After the victory, you hold the trophy!
Good leaders do what they can to put others in a position to win. Every day I look for opportunities to lift up people. To do it, I follow a simple formula:
- see the possibilities in all people,
- honor them in front of others,
- invite them to help achieve the vision,
- notice what they do well and compliment them, and
- thank them to make sure they know they’re valued.
I strive to do this every day. As you can see, none of these actions takes brilliance or a high degree of skills. But they do all require intentionality. If you want to become a good conductor, give them a try.
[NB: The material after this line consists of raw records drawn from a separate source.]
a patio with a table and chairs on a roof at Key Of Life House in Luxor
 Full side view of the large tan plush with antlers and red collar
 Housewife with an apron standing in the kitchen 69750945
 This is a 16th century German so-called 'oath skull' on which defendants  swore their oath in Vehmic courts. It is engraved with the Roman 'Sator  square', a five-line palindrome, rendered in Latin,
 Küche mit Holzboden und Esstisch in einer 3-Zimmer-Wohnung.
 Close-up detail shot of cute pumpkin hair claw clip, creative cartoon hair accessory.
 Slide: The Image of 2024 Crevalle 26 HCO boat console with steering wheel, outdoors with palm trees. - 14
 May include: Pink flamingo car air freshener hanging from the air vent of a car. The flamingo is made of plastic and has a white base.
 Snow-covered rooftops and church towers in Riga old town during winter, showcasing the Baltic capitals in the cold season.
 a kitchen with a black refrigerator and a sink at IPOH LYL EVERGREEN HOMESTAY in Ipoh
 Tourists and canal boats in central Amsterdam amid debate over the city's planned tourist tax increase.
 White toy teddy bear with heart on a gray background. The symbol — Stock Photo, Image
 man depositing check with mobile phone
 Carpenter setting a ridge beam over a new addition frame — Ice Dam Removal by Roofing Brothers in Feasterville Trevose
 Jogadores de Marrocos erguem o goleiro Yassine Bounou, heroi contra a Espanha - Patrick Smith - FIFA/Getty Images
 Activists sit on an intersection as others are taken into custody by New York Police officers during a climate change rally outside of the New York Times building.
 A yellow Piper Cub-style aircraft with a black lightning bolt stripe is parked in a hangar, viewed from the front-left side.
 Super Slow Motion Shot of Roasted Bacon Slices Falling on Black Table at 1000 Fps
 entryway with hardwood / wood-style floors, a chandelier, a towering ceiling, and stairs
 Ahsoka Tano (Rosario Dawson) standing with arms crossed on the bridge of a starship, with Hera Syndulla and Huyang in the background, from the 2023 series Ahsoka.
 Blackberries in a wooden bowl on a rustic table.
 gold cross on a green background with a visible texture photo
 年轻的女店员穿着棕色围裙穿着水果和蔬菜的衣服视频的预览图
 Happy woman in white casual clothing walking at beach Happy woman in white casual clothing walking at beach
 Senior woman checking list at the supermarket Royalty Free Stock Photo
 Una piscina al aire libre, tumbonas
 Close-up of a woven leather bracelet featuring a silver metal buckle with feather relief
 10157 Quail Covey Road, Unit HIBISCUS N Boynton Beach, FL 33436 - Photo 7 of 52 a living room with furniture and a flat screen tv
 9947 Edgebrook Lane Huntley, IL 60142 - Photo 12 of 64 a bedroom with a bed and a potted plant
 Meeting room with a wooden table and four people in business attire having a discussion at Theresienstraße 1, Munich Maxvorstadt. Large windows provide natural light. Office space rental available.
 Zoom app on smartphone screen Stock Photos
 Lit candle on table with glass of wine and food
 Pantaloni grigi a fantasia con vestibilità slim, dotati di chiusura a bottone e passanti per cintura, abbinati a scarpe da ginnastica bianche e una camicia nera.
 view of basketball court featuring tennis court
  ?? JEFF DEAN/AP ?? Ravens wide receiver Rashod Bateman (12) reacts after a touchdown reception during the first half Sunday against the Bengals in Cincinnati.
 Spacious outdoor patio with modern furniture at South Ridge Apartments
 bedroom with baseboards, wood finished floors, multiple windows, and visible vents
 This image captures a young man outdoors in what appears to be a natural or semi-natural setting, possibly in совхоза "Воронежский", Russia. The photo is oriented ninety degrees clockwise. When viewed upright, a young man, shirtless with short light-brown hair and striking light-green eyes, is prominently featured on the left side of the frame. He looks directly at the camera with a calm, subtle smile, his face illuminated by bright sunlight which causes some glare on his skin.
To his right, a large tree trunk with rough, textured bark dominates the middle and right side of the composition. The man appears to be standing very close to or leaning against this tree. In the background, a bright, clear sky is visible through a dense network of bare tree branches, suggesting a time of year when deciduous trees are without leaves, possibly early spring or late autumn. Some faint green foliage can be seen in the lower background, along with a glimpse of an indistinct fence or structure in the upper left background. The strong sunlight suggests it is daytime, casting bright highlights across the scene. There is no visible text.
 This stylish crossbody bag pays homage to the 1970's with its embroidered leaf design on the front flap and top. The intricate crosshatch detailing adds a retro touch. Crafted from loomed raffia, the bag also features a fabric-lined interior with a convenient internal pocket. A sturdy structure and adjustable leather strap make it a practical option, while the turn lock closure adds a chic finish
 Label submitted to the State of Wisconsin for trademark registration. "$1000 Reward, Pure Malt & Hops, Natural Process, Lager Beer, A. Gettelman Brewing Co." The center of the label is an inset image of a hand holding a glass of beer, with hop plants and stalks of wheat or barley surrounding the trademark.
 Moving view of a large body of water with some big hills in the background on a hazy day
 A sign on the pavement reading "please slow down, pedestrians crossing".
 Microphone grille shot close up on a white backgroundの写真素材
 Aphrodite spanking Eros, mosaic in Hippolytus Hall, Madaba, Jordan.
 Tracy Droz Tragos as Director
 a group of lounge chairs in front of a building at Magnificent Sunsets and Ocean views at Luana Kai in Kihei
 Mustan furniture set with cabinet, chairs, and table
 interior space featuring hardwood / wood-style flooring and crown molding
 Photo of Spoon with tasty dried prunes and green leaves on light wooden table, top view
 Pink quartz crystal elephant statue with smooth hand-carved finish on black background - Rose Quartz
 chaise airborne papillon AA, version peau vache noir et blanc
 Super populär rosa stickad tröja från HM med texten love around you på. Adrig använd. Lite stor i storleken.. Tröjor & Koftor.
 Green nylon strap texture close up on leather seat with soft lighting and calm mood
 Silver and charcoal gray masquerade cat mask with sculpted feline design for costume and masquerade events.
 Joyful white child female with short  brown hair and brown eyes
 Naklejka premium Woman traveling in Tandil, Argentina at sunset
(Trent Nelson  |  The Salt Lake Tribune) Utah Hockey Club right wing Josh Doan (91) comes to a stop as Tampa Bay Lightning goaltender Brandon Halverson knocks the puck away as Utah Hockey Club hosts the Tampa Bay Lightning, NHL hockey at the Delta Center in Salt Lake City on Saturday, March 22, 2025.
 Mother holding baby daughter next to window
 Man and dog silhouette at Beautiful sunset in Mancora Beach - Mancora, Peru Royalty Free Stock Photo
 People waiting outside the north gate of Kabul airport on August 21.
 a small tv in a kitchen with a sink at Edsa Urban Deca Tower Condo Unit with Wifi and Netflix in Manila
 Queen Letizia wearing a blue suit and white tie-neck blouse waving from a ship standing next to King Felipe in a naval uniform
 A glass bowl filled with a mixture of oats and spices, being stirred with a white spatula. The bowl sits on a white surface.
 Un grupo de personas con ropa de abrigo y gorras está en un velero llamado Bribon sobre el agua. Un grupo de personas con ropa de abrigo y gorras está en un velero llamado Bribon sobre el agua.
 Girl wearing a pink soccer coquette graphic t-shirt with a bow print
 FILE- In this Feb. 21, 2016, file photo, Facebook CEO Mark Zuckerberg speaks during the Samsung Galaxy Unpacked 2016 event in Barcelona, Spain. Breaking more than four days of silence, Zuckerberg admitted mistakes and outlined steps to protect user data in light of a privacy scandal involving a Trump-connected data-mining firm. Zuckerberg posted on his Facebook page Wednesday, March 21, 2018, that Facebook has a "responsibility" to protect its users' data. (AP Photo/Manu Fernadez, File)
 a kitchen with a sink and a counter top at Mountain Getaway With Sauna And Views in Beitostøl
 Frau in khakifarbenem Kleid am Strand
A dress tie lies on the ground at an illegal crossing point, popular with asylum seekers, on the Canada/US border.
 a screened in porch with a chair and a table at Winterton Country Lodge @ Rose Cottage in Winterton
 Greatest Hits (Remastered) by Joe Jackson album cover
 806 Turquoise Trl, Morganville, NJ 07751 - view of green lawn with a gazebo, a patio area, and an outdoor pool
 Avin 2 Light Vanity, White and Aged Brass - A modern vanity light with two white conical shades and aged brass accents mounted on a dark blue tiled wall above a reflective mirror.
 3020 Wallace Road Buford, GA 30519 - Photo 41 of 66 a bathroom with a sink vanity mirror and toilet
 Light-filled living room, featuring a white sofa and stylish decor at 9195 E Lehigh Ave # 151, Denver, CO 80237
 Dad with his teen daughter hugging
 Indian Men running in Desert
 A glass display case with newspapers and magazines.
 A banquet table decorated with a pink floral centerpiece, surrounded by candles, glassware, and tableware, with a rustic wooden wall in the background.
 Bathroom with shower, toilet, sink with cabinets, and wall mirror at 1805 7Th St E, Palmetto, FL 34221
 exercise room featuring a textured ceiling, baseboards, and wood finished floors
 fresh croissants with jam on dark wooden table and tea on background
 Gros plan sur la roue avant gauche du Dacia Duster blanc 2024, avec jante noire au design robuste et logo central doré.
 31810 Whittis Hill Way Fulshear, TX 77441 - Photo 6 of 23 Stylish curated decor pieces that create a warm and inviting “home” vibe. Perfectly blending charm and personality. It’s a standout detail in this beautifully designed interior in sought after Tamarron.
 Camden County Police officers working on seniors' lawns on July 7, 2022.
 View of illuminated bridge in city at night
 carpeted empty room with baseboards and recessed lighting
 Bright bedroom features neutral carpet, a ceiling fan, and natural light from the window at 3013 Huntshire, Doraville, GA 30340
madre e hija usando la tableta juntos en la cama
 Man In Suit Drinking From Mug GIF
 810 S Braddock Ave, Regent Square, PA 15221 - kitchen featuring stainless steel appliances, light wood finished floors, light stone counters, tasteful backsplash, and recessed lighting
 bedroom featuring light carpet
Help others to shine.
- Helping Others to Become Better Every Day
To become a successful leadership conductor, you must go slower so you can go farther, recognize that you need others, make the effort to understand others, and want others to shine more than you do. But you will also need to learn how to do things every day that help the people you lead to improve. This requires taking the focus off yourself and looking for ways you can help others reach their potential. Sometimes that can be a challenge.
Learn How to Give if You Want to Help People
It took me a couple of years to shift my focus from me to we, but I made a discovery. My increased effort to first focus on others and add value to them increased the energy of those I led—and it increased my energy while I was leading them. That’s when I discovered that it’s wonderful when the people help their leader, but it’s even more wonderful when the leader helps the people. Good leaders shift from being self-focused to others-focused. They give more than they take. They focus on sowing not reaping. As leaders, we need to maintain a seed-sowing mind-set.